Parmi quelques mises en scènes marquantes de la pièce, dont on voit bien qu'il était déjà délicat au début du XXe de reprendre la succession, tant la charge historique et mythique de la création est longtemps restée écrasante, on peut citer celle de Pierre Dux, en 1938, à la Comédie-Française, avec André Brunot dans le rôle de Cyrano, Marie Bell dans celui de Roxane, Maurice Escande dans celui de De Guiche, Fernand Ledoux dans celui de Carbon de Castel-Jaloux ; spectacle qui sera repris en 1949 et dans lequel on verra apparaître Jean Piat, dans le rôle d'un Cadet.

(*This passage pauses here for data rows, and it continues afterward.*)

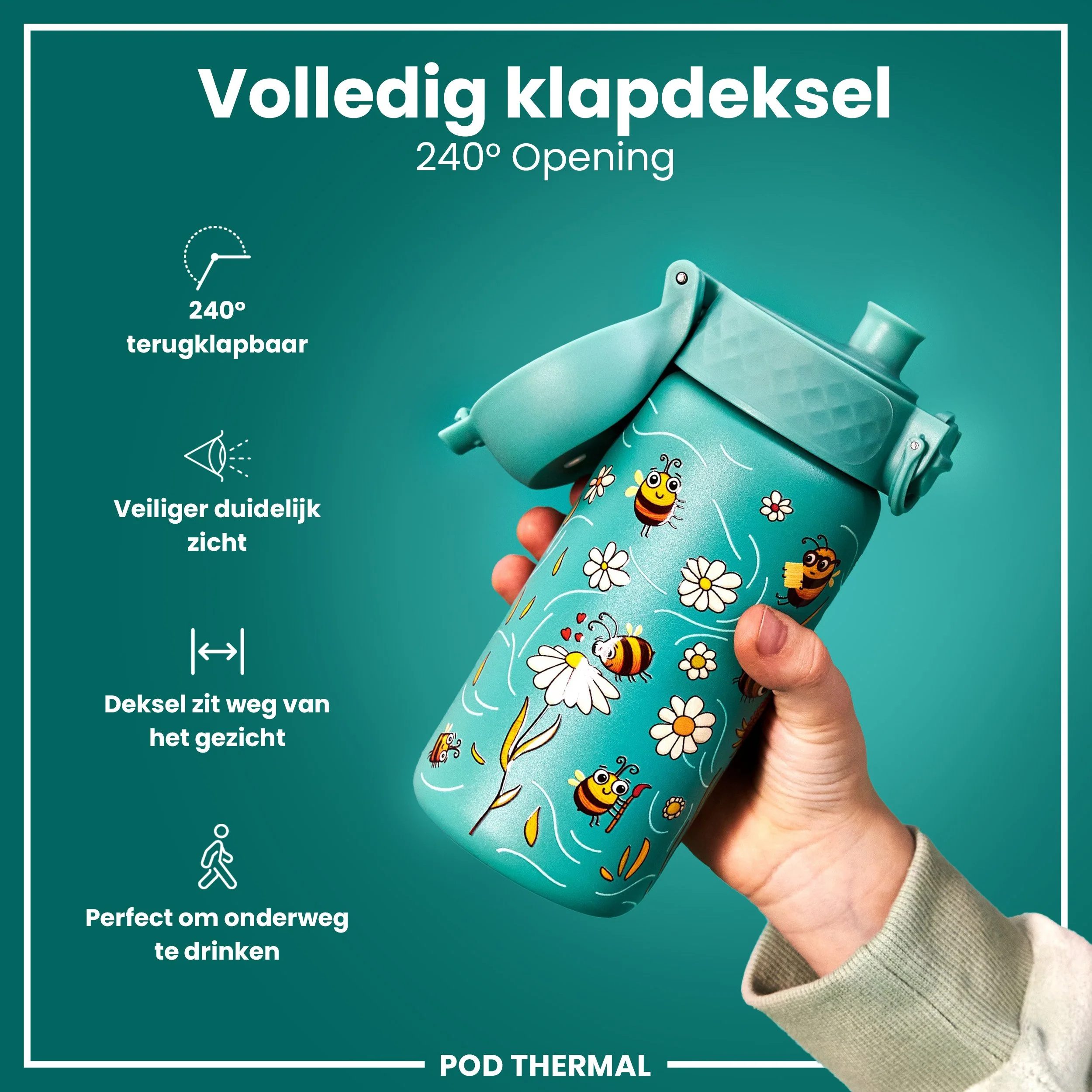 Isolierte Edelstahl-Trinkflasche, Bienen, 320 ml - Image 4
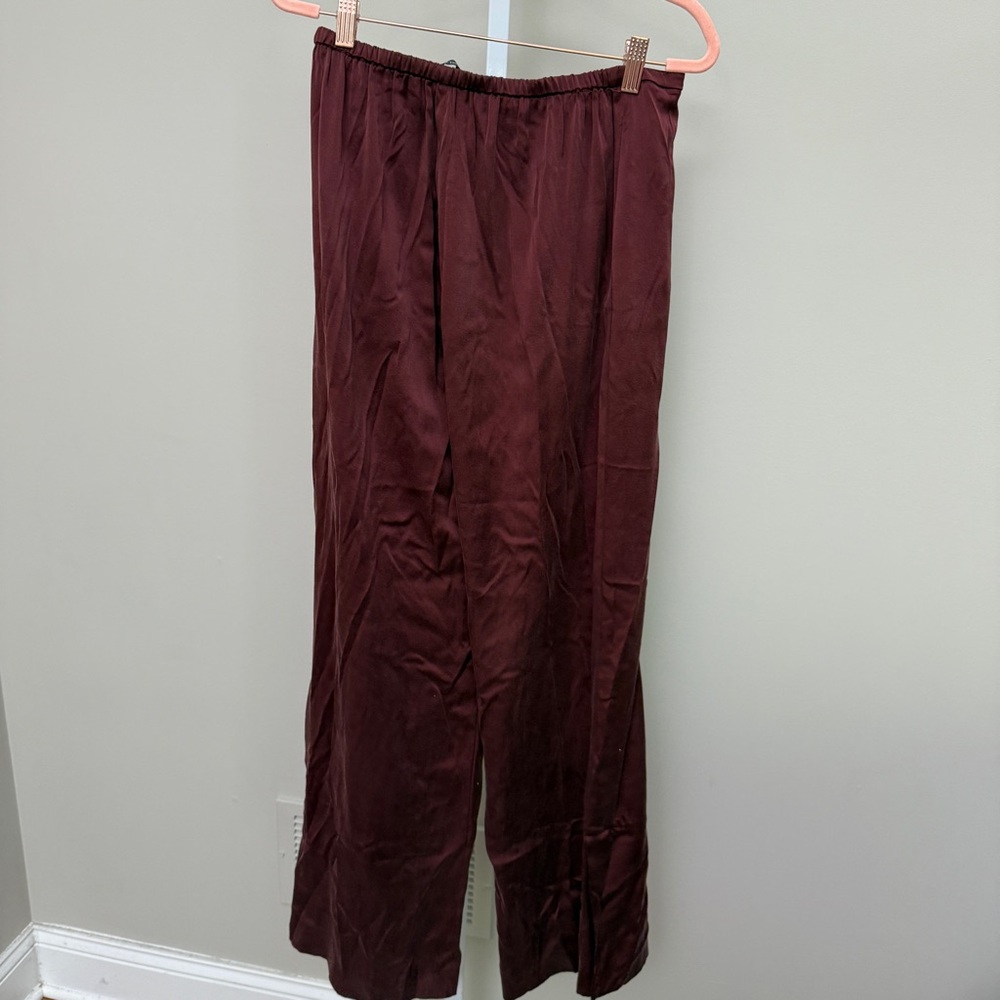 Zara SILK PAJAMAS - Maroon SIZE S TOP AND BOTTOM - Picture 9 of 9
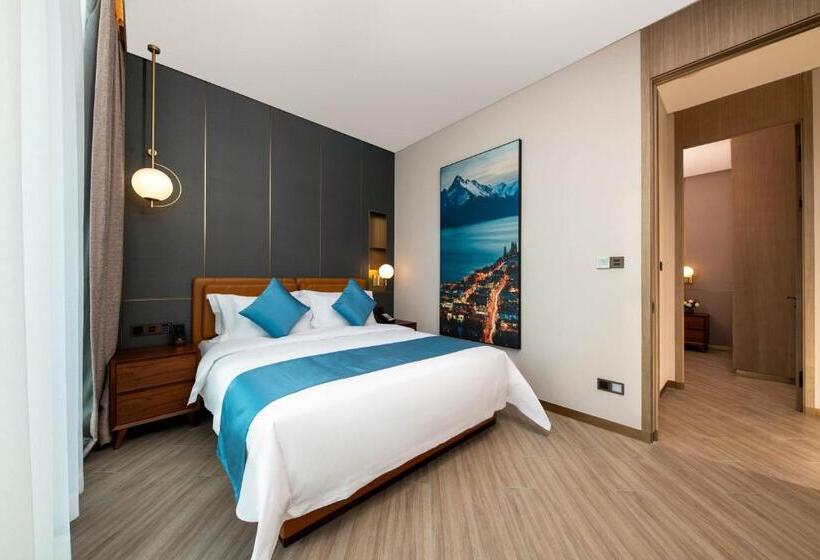 Люкс 2 Спальни, Sha Zhi Ye Serviced Apartment Hotel   Houjie Wanda Plaza Liaoxia Subway Station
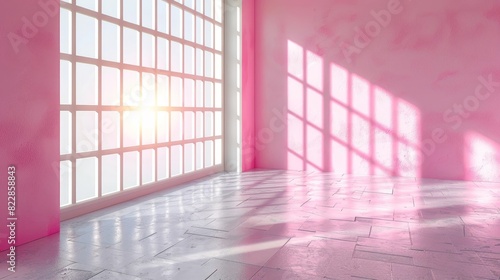 a room with a window and a pink wall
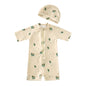 Baby Toddler One-piece Swimsuit With Hat Cartoon Print Kids Short Sleeve Zipper Swimwear Sun Protection For 0-7Y Boys Girls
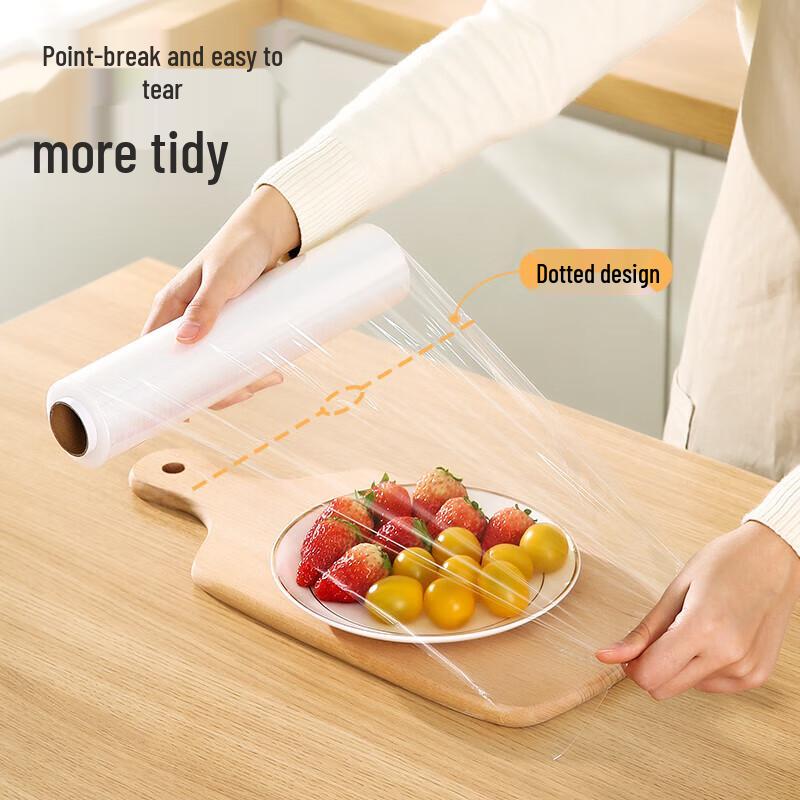 Meiliya Hand-Tear PE Food-Grade Cling Film, 30cmx150m, 3 Rolls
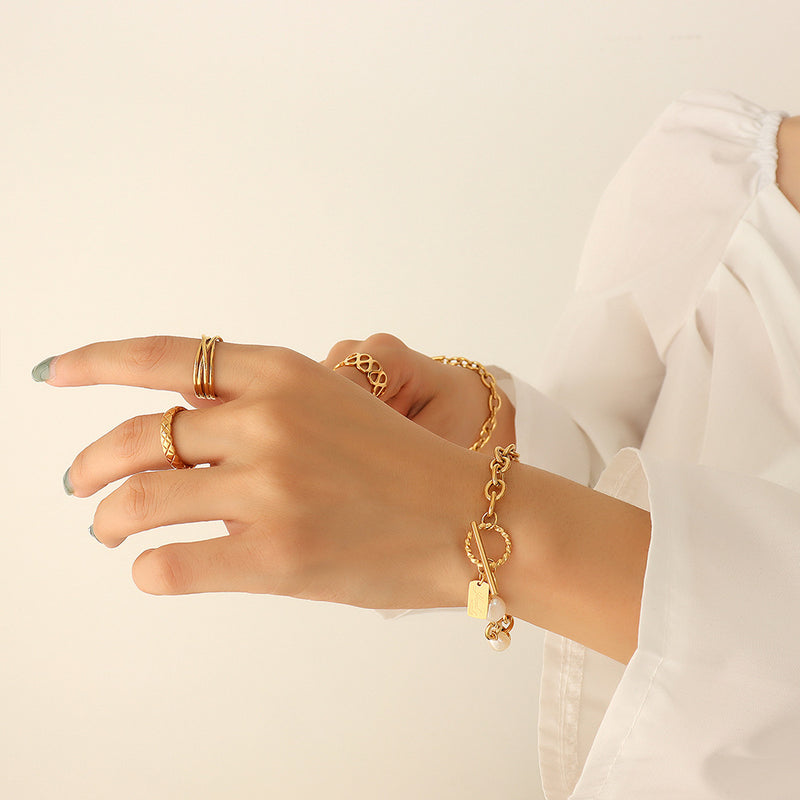 Pulsera Cadena Dorada Perla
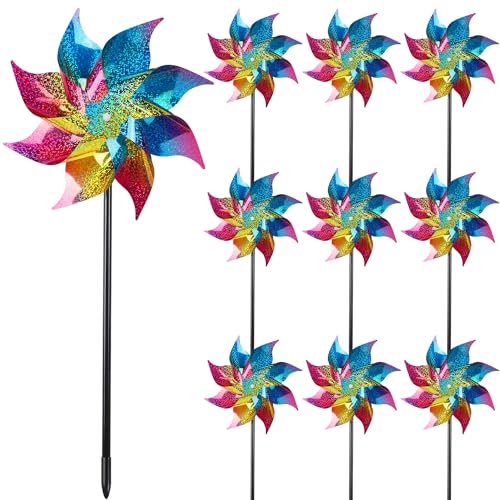 Hausse 10 Pack Reflective Pinwheels Wind Spinner, Extra Sparkly Rainbow Pinwheel with Stakes, Bird Repellent Blinder Devices Deterrent to Scare Birds Away from Yard Patio Farm Garden, Colorful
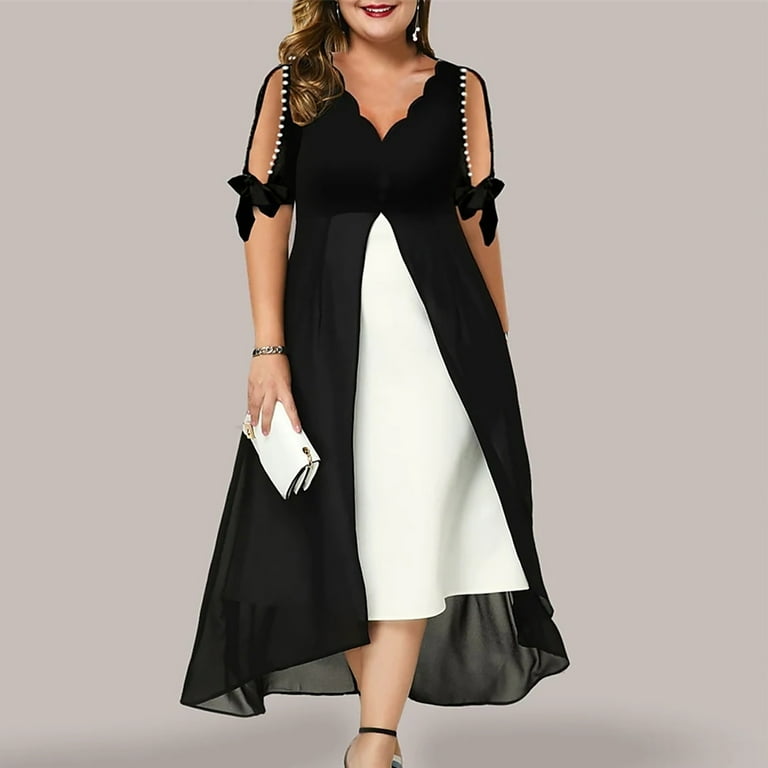 Black & white plus size dresses 2025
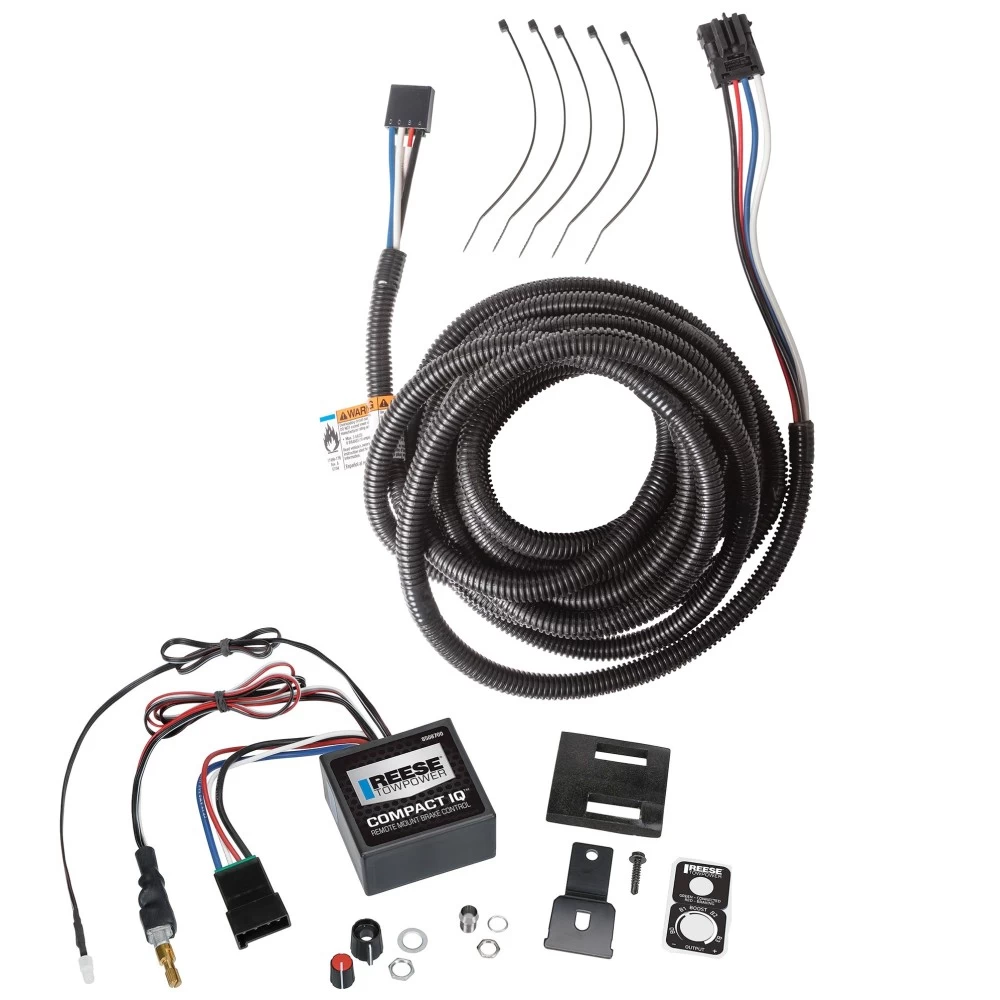 Reese Compact IQ Hidden Trailer Brake Control for 07-26 BMW X5 w/ Factory 7-Way w/ Plug Play Wiring Adapter Proportional Trailer Brakes Module Box Controller 1-3 Axle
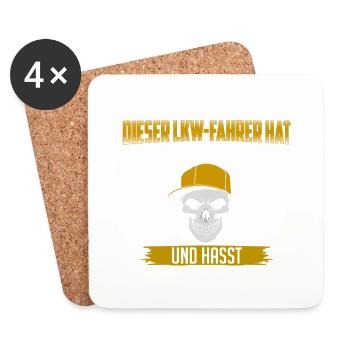 Truck driver aggression problems and hates silly ... - Coasters (set of 4) - white - Front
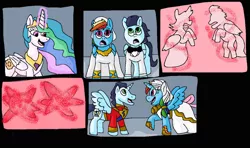 Size: 1024x607 | Tagged: safe, artist:mojo1985, derpibooru import, princess celestia, rainbow dash, soarin', alicorn, alicornified, female, image, jpeg, male, marriage, race swap, rainbowcorn, shipping, soaricorn, soarindash, straight, transformation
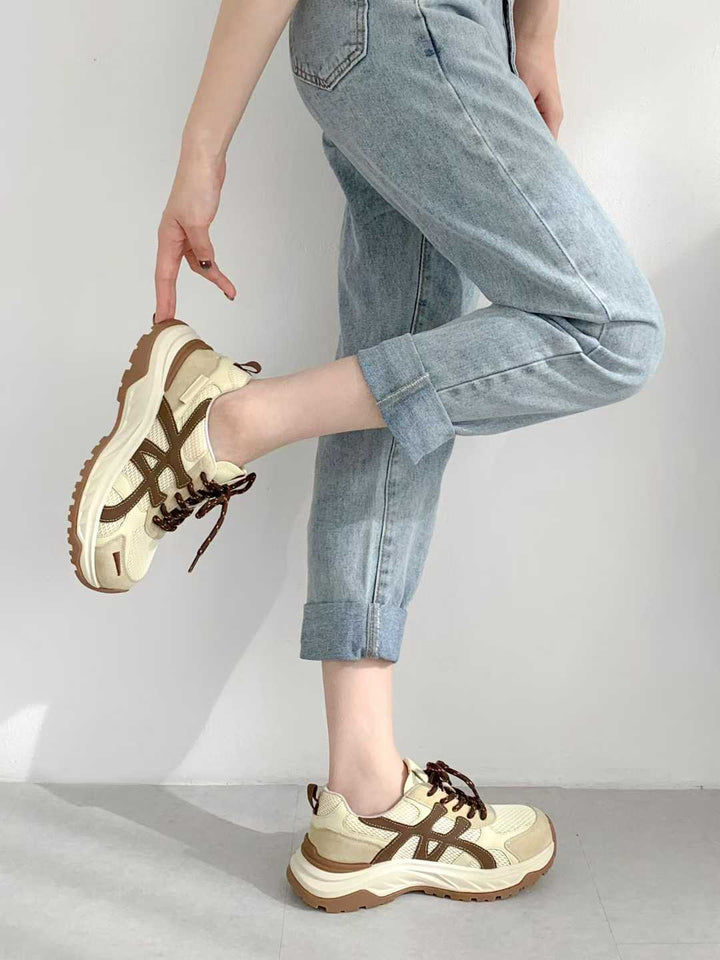 KNA604 - Lambskin & Cowhide Leather Shoes (4.5cm) (No Box)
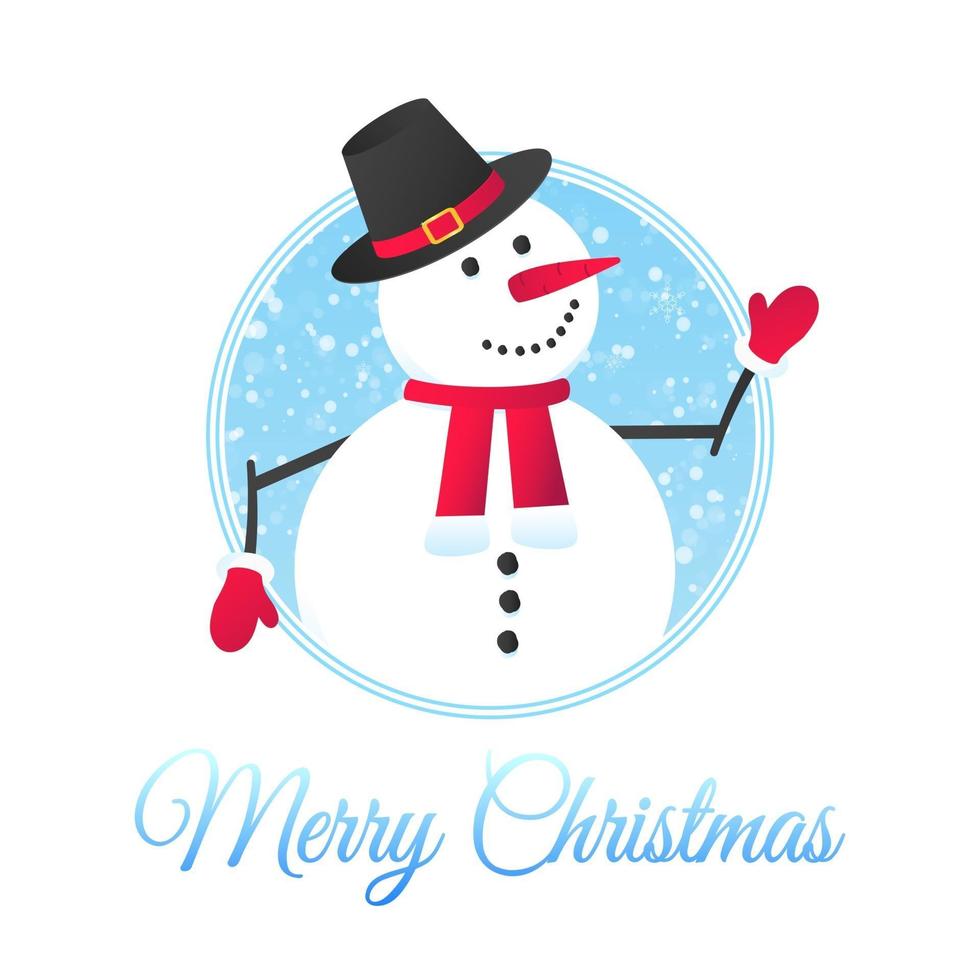 le bonhomme de neige avec chapeau, gants, avec illustration vectorielle de neige tombante design plat style. vecteur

C'est sous la direction de Jacques Charron que Jean Piat entrera dans la peau de Cyrano pour incarner le rôle près de 400 fois à la Comédie-Française. Lors de la première, on dit, de mémoire de spectateur, que le tombé de rideau fut suivi d'un tonnerre d'applaudissements et de plus de cinquante rappels. Jean Piat raconte volontiers qu'il entendait, depuis le plateau, les gens murmurer les répliques avant même qu'il ne les prononce
Rosemonde, muse et poète
Louise-Rose-Étiennette Gérard, dite Rosemonde Gérard, née le 5 avril 1866 à Paris.
Le 8 avril 1890, elle épouse Edmond Rostand à Paris en l’église Saint Augustin. La même année, elle reçoit le prix Archon-Despérouses qu'elle recevra à nouveau en 1926.
Le 27 décembre 1897, soir de la répétition générale de Cyrano de Bergerac, la créatrice du rôle de Roxane, Maria Legault, est absente pour la répétition « des couturières » ; Rosemonde est alors sollicitée par Coquelin pour tenir le rôle durant toute la répétition. Plus que comédienne elle a surtout été poète. Elle a rarement joué la comédie, hormis une fois dans le rôle de Roxane de Cyrano de Bergerac, avec Sarah Bernhardt lui donnant la réplique en « Cyrano ».
Les relations entre Rosemonde Gérard et Edmond se dégradent progressivement et la séparation du couple est actée en 1911, bien qu’ils ne divorcent pas. Jean reste auprès de son mère, Maurice, le poète, avec sa mère. Rosemonde collabore avec son fils sur plusieurs œuvres, dont Un bon petit diable (une féerie en 3 actes d’après la comtesse de Ségur) en 1911 et La Marchande d’allumettes (un livret d’opéra-comique) en 1914. Elle écrit également sur ses souvenirs et sur son mari.
En 1926, Rosemonde remporte à nouveau le prix Archon-Despérouses de l’Académie française pour son recueil L’arc-en-ciel.
En collaboration avec son fils Maurice, elle donna au théâtre "Un bon petit diable" (1912), ainsi que des pièces comme "La Robe d'un soir", "La Marchande d'allumettes" (1914) ou "La Tour Saint-Jacques" (1931). Par la suite elle publia "Les Papillotes" (1931), "Féeries" (1933), "Rien que des chansons" (1939).
En 1931, elle est nommée chevalier de la Légion d'honneur. Elle a été membre du jury du Prix Fémina, en 1939.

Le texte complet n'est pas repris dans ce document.